Nach monatelangem Ringen haben westliche Gläubiger erst im August der von einer Pleite bedrohten Ukraine bis zu 3,8 Milliarden Dollar (3,33 Milliarden Euro) Schulden erlassen.
Der österreichische Handelsdelegierte in der Ukraine, Hermann Ortner, betonte bei einer Pressereise der Uniqa-Versicherung vor österreichischen Journalisten: Solange in der Ukraine keine Rechtssicherheit bestehe, solange werde es kein Wachstum geben. Man müsse ausländische Investoren davon überzeugen, dass man in der Ukraine Geld verdienen kann. Derzeit sei das Investitionsinteresse allerdings gleich null, so Ortner. Seit Jänner habe die Landeswährung 40 Prozent an Wert verloren. Es sei ein großer, interessanter Markt, allerdings brauche man einen langen Atem, berichtete Ortner. Die Ukraine brauche Hilfe von außen.
Schulden
Die Regierungsvertreter hoffen, dass es mittelfristig besser wird, zumal Geld vom Internationalen Währungsfonds und der Weltbank kommt. Derzeit schuldet die Ukraine ihren Gläubigern insgesamt etwa 45,25 Milliarden Dollar. Auf Kreditgeber aus dem Ausland entfällt davon etwa die Hälfte. Sie liehen dem Staat knapp 20 Milliarden Dollar und Staatsunternehmen knapp 3,5 Milliarden Dollar. Ein Teil der ukrainische Anleihen ist im Besitz russischer Investoren.
Österreich ist in der Ukraine der fünftgrößte Investor. Als interessante Branchen nannte Ortner die Agrarwirtschaft und die Energie. Die Energieeffizienz sei katastrophal, hier gebe es viel Nachholbedarf. Viele Heizkörper hätten keinen Regulator, die Energie verpuffe, viele Gebäude hätten keine Isolierung. Es habe über viele Jahre billiges Gas aus Russland gegeben, und die Motivation zu modernisieren sei nicht vorhanden gewesen.

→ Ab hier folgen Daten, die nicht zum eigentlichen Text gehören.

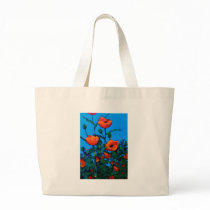 BRIGHT RED POPPIES CANVAS BAGS
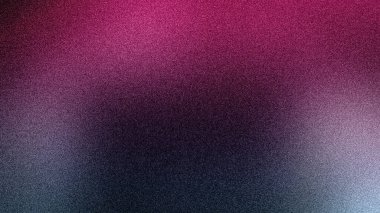 Çekici bir soyut 4K gradyan arka plan, kumlu bir dokuya sahip, koyu siyah ve canlı pembe-mor renkleri harmanlıyor.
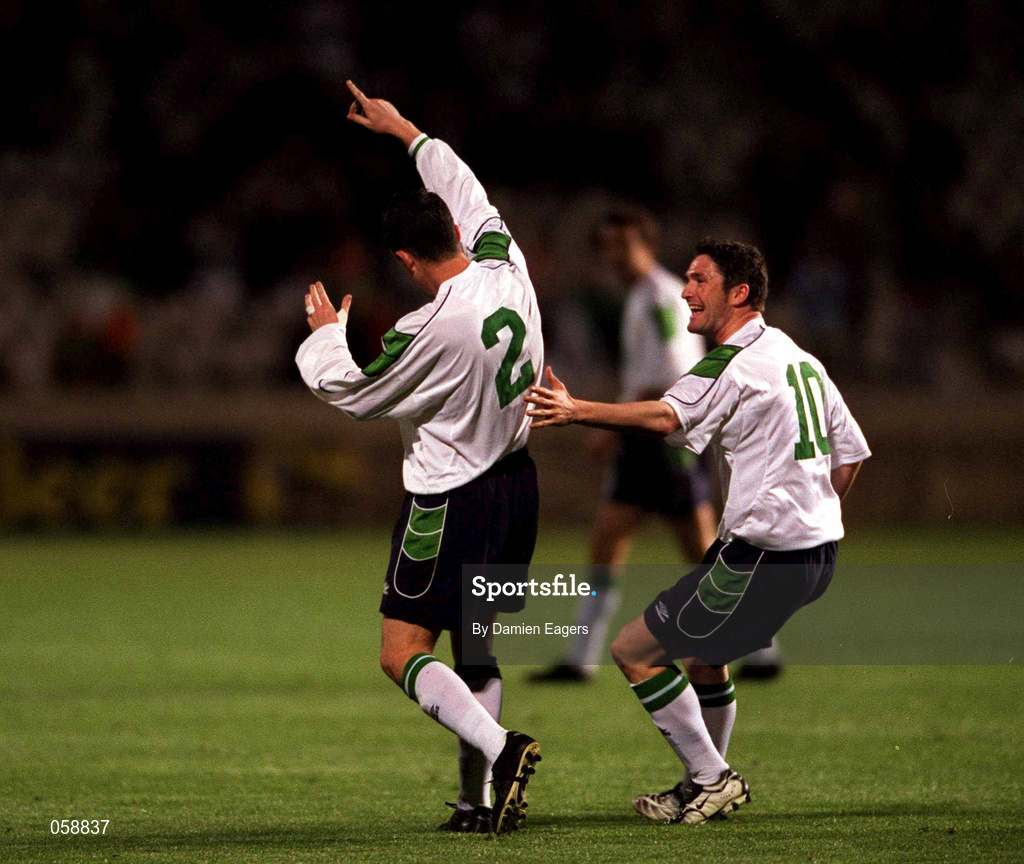 24 March 2001; Gary Kelly of Republic of Ireland, left, celebrates scoring a goal with team-mate Robbie Keane during the 2002 FIFA World Cup Qualification Group 2 match between Cyprus and Republic of Ireland at GSP Stadium in Nicosia, Cyprus. Photo by Damien Eagers/Sportsfile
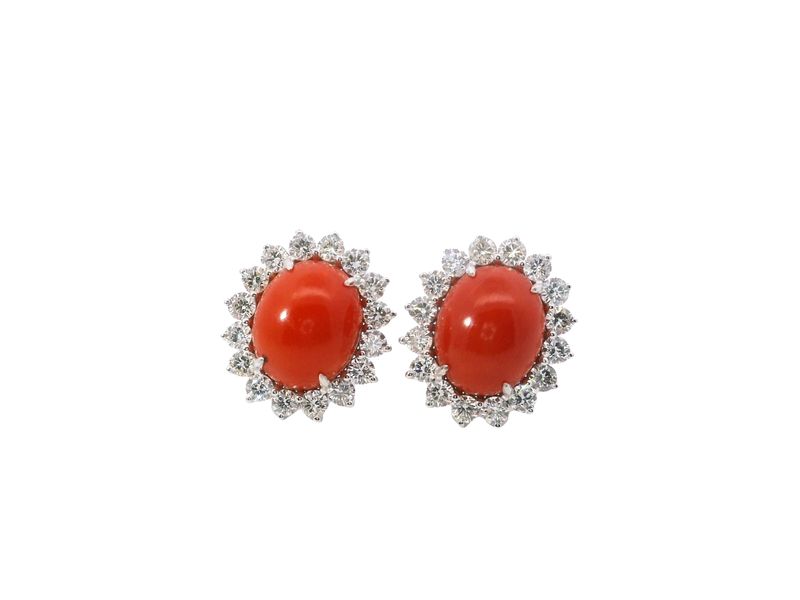 ARETES ORO  BLANCO  CORAL Y DIAMANTES 18K 7.93COR 1.83 DT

Etwa 20 österreichische Firmen sind in der Ukraine tätig, unter anderem Agrana, Mayr-Melnhof, Schwechater Kabelwerke, Fischer Ski, Raiffeisen. Sie alle produzieren vornehmlich für den ukrainischen Markt. Die Uniqa-Versicherung ist seit 2006 in der Ukraine vertreten: mit einer Sach- und Lebensversicherung. Neue Investments gebe es allerdings kaum, so Ortner. Die Nationalbank habe Kapitalverkehrskontrollen erlassen, Dividenden müssten im Land bleiben.
Heimische Anwälte
Die Ukraine ist ein Land mit 40 Mio. Einwohnern, wirtschaftlich allerdings auf dem Niveau der Dritten Welt. Heimische Investoren – Ortner: "Ein Unternehmer glaubt niemandem so viel wie einem anderen Unternehmer" – haben den Vorteil, dass es österreichische Anwaltskanzleien und Steuerberater vor Ort gibt.
Die ukrainische Wirtschaft wird Prognosen zufolge heuer um zehn Prozent schrumpfen – zum Teil, weil wichtige Industriegebiete in den von den prorussischen Rebellen kontrollierten östlichen Regionen liegen. Neben dem blutigen Konflikt mit den Aufständischen zwang auch eine drastische Währungsabwertung das Land finanziell in die Knie.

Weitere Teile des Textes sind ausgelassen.